Red Roses (and two white ones) and Lilies in the Rider-Waite Tarot

March 17, 2020

I can still remember  my first real tarot obsession. Pregnant with my first child, living remotely and off grid. I had a deck of Rider-Waite cards and a rather good book (78 degrees of wisdom).

 

I spent a lot (seriously a lot) of time just looking at the cards- whilst oddly reading Tudor history novels.  Tudor History is dominated by two families fighting for the throne- one had a white rose as their symbol, one a red-  “the war of the roses” which is probably why the roses caught my eye.

 

 

 

  

In Death and the  Fool we clearly have white roses.

 

In 2 wands, ace of pentacles, Magician, hierophant, Queen pentacles, 9 swords we have red roses.

 

My other big obsession (aside from Tarot & Tudor history) is Norse Mythology.
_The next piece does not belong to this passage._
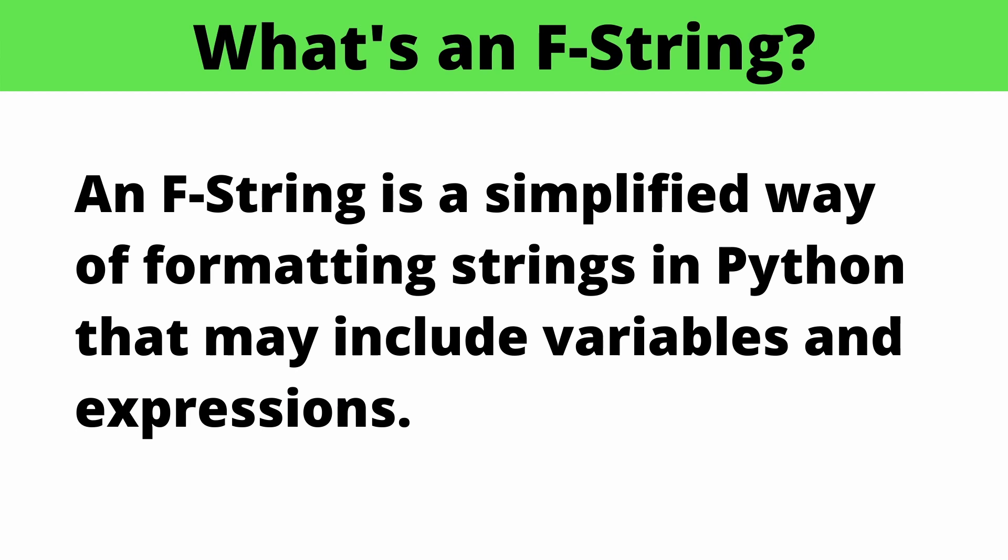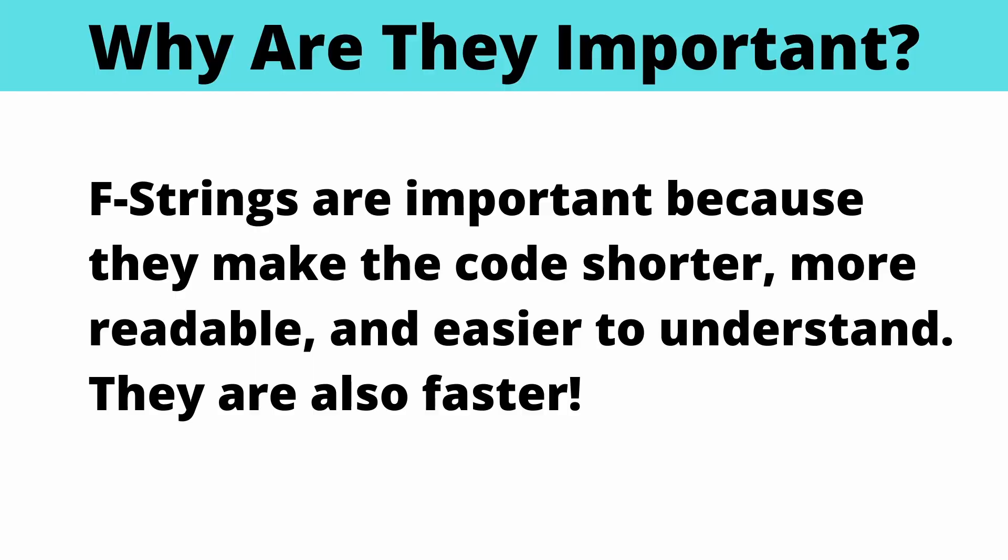We'll cover what they are. I'll define an f-string as a simplified way of formatting strings in Python, why they're important, and the reason is that f-strings make the code shorter, more readable, and easier to understand.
One kenning that always stuck with me was “death makes a man pale” referring to the link between blood and life. The pumping of red, oxygenated blood is what keeps us alive or "brings colour" to our life (also a reference to passion and libido)

 

Now I often (not always- there is no always in tarot) associate the Fool as a spirit before it enters the body (so pre-life, or after life, perhaps between lives!). And though we are often keen to say “death doesn’t mean death” the rose on the death card is white- without blood. The Death card is often a transition- even if not physical death. So to me the two white roses are clear links to that magical time when "we" are without body.

 

The rose and blood analogy is fascinating- there are several myths that talk about the first rose being white. Then a Goddess pricks her finger on a rose thorn, the blood drops on the rose, and now all roses are red (Aphrodite, Mary, Venus- pick your Goddess!) and so the red roses are connected with life, blood, our physical body.

 

For me the red roses on the Queen of pentacles link with her role as mother- the blood of her womb creating the child.

 

The red roses on the 9 of swords remind you to live, move, do something to reconnect with your body. 

 

So what about white lilies…

 

The most famous Lily symbol is the Fleur de Lis. Seriously a lifetime of research in just one symbol- a rabbit hole of information if you choose to look.

 

 There are many, many myths and symbolism around the lily- but it is considered to be pure, a connection to the divine. It is linked to Mary and the virgin birth, and virginity in general.

 

Charlemagne and the French kings used the Fleur de Lis to represent their divine “right” to be kings. 

 

It is a short hand for “pure, directly linked with the divine”

 

So I now we have red roses for the physical, and white lilies for  spiritual/divine connection. Or the outer and inner journey if you prefer.

 

Looking at the cards that have both symbols;

 

Ace of pentacles- the white lilies suggest the garden represents Eden, a place of comfort, and you step through the rose archway to take physical action towards your goal or plan. (or fully incarnating as we left the garden of Eden -representing stepping out of your comfort zone)

 

Magician & Hierophant- the imagery of the white lily & red rose shows you need to blend “inner work” with physical action to release/develop your potential. The Hierophant suggests you need to "walk the walk" as well as "talking the talk"

 

The two of wands- I see this card as very much potential, but no concrete reality yet- and notice this is the only card where the lilies & roses are painted on. (you can read more about the two of wands here) backing up the feeling of plans and potential.

 

 

As an extra note- I visited Rennes Les chateau many years ago, a strange place that changed my life and inspired me to change my name to Madelaine in honour of Mary Magdalene.

 

  The story suggests that she was married to Jesus and escaped, pregnant, after the crucifixion. Her lineage then created the kings of France- including Charlemagne who uses the Fleur de Lis as his symbol. I’ve included a photograph from the guide book- of Mary Magdalene, and the stained glass window (though you may not see the detail) is the Fleur de Lis.

 

I could probably write on for another 5 pages- that is why I love the Rider-Waite so much.

 

 

Pick a symbol, explore it, dive deep down- it’s a never ending journey of mythology, wisdom and knowledge.